Key Points:
- Memorial United Methodist Church in Gladstone, Michigan, lost about a third of its membership because of a failed vote to disaffiliate from the denomination over LGBTQ+ and other issues.
- The Rev. Terri Branstrom turned to some United Methodist friends who wrote a book about dealing with conflict in local churches for assistance.
- The church is now moving forward with a new Sunday school class and other activities as other members of the congregation step up to replace church leaders who have left.
It was a small start, but a start nonetheless: a new Sunday school class, with nine young students.
Memorial United Methodist Church in Gladstone, Michigan, lost about 35% of its membership after a vote to disaffiliate from The United Methodist Church came up short. Many folks on the losing side officially left the church or just stopped showing up. Some of them were longtime congregation leaders.
“We hadn’t had (Sunday school) in several years,” said the Rev. Terri Branstrom, pastor of Memorial, located about 40 miles north of Green Bay, Wisconsin, in the Upper Peninsula of Michigan.
“There was a group that said, ‘We think we need one,’ and they worked toward that,” Branstrom said. “Granted, it was only nine children. But that’s nine children that would not have been there normally, right?”
That modest step forward was discerned using a process Branstrom and the folks who opted to stay at Memorial underwent with the help of fellow United Methodists Mary Gladstone-Highland, Katy Stokes and Christina Wichert. The trio wrote “Calm: How to End Destructive Conflict in Your Church.”
The drive by the minority at Memorial to split from the denomination came about because of the same issue that prompted the disaffiliation of more than 6,400 U.S. churches in the last four years: the status of LGBTQ+ individuals in the church, especially whether they can marry or serve as church pastors or leaders.
In addition, at Memorial, there was grumbling around how pastors are assigned and how much the church should give for apportionments, the money that supports ministry beyond the local church.
“It kind of got a little nasty,” Branstrom said. “It caused many, many hurt feelings because some of the people (on each side) … had been friends for years.
“It hurt, because they thought they were brothers and sisters in Christ through our church. Then they found out that they had differences of opinions, and it was kind of sad.”
The disaffiliation trend over LGBTQ+ issues was “absolutely the impetus” of “Calm,” Gladstone-Highland said. “We were thinking about how churches seem to be struggling with how to take a denominational issue and do anything with it on a local level when there was so much indecision.”
But the authors didn’t want it to be a one-issue book.
“We wanted to write a resource that could be useful for any conflict, no matter its size and scale,” Gladstone-Highland said.
Branstrom, a friend of the authors, consulted with them to help figure out how the church should proceed after the crisis.

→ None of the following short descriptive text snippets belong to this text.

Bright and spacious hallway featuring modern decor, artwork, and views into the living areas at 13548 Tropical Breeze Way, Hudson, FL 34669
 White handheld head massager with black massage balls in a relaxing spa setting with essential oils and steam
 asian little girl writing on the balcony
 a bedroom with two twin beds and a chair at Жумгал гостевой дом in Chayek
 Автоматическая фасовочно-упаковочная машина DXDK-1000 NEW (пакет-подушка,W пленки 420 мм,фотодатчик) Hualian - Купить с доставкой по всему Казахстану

“They provided us a workshop to give us a better vision of who we are and where we should be going,” Branstrom said. “It was very invigorating, and it gave people a new vision of who they could be without the folks that were missing.”
The “Calm” approach used by Memorial seeks to overcome a common problem when there’s a disagreement in a church family.
“When there’s conflict, people run from each other, they build camps and they ‘other’ each other,” Gladstone-Highland said. “Our book says, ‘It might not be easy, we might not all agree at the end, but we’re going to love each other in the process and we’re going to commit to the hard work of still being this church family in the process.’”
Wichert said that people in a congregation sometimes assume they know each other better than they really do.
“Trust is so necessary to have those difficult conversations,” she said. “To be honest in a room with people who might be just on totally sort of opposite ends of something.”
She continued: “Whether we come into some kind of agreement on things and go on together or come to a decision that maybe parts of this group go their separate way … even if it’s not the outcome of being a whole congregation, that’s still a healthy decision that’s been reached.”
The process doesn’t end after one group or the other prevails. In one way, that’s kind of the beginning.
“I don’t think it’s reasonable to have a goal of having everybody happy,” Stokes said. “What we're really asking people to do is to say things out loud, with mutual respect and in respect of our shared humanity.”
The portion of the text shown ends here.